Commonwealth Coordinated Care Update

Despite a number of unresolved issues and many unanswered questions, the Department of Medical Assistance Services (DMAS) continues to move ahead with efforts to launch the Commonwealth Coordinated Care (CCC) program.  Beginning April 1st, approximately 1,400 dual eligible beneficiaries who voluntarily enrolled in the program began receiving services under the CCC.  According to information shared this week by DMAS, only 50 of these 1,400 individuals are residing in nursing facilities in the Tidewater and Central/Richmond regions of the CCC.

As has been reported previously, automatic or passive enrollment is scheduled to commence in May for all remaining identified dual eligible beneficiaries.  Services for those individuals will begin on July 1, 2014 in Tidewater and August 1st in the Central/Richmond region.

Since late January, VHCA has participated in a series of workgroup meetings facilitated by DMAS with representatives of Anthem HealthKeepers, Humana, Virginia Premier and DMAS staff.  These meetings have focused on operational and financial concerns listed below which were identified and communicated to DMAS in late 2013.

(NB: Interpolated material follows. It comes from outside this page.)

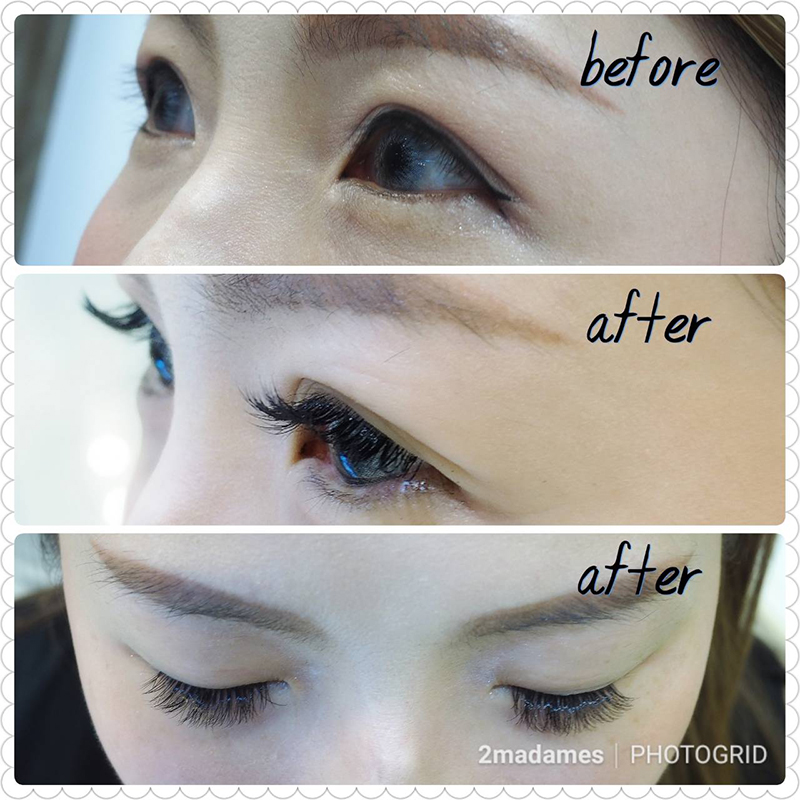 TINGLE,ต่อขนตา,สักคิ้ว 3 มิติ,ต่อขนตาเส้นต่อเส้น,ต่อขนตาวอลลุ่ม,สไลด์คิ้ว,รีวิว,pantip,ราคา,แว๊กซ์คิ้ว,ต่อขนตาธรรมชาติ,tingle lash,EyebrowShaping,ออกแบบคิ้ว,tingle esplanade,tingle gaysorn village,tingle central pinklao,Eyelash Removal,eyelash,eye brow,brow and lash expert,tinglebrow,TINGLE Ultimate Lash,TINGLE LASH Classic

Track #1: Authorizations and reauthorizations requirements

  • Implement common approaches to the referral, verification of benefits, approval of admission and admission into nursing facility/center process
  • Implement common approaches  to the reauthorization process, including frequency, method of communicating necessary information, time frames

Track #2: Payment determination and claims submission and processing (including testing)

  •  Seek common approaches for payment of Medicaid patient pay and Medicare bad debt
  •  Undertake comprehensive walkthrough to reach common approaches to the process surrounding payment for services including billing (claims submission), receipt of funds, patient liability, requests for additional documentation and appeals

 Track #3: Care coordination, quality metrics and monitoring and the remaining clinical/operating issues

  • Explore other key processes anticipated to be used between each of the three health plans and nursing facilities and explore ways to standardize these processes along with related procedures and forms
  • Clearly define care coordination function, including time frames for completion of initial assessments and plans of care, how communicated, how to address differing opinions/recommendations between health plan and SNF, how to maintain regulatory compliance in all aspects of care coordination, how the MDS will be incorporated into the process, role of “on-site” coordinators from health plans 
  • Implement common approaches to the transition/discharge planning process, including authorizations needed for services required in the discharge destination, time frames, “difficult to discharge” patients (needing ALF level of care, etc. or no willing/able caregiver, etc.)
  • Clearly define quality metrics for both SNFs and the MMPs and reach common approaches to monitoring, reporting and use of information


Unfortunately, despite the investment of considerable time and effort on the part of VHCA members and staff, we are unable to report meaningful progress in obtaining the cooperation of the three contracted Medicare-Medicaid Plans (MMPs).  Prior to a workgroup meeting that took place on April 9th, MMPs had offered their meaningful cooperation specifically related to authorization and reauthorization requirements.  During the April 9th meeting, some of the MMPs informed the provider workgroup participants and DMAS staff that they were retracting their offer related to the Track #1 topics outlined above.  We have communicated to both DMAS leadership and to the Secretary of Health and Human Resources office that without the meaningful cooperation of the health plans on this and many other issues providers will find it very difficult to operate effectively within the CCC program.  Additionally, efforts to enable all nursing facilities to commence claims testing with the MMPs are currently stalled due to the failure on the part of health plans to provide clear instructions to providers to submit test claims.  DMAS is attempting to facilitate the communication of claims testing instructions to providers.

In an effort to better understand remaining issues facing member facilities, VHCA will be surveying members early next week to find out which providers have contracted with specific MMPs.  This brief survey will also ask for information about the existence of third party liability insurance coverage within each facility’s resident population (see related article below) for the purpose of projecting the number of beneficiaries that are likely eligible to participate in the CCC program.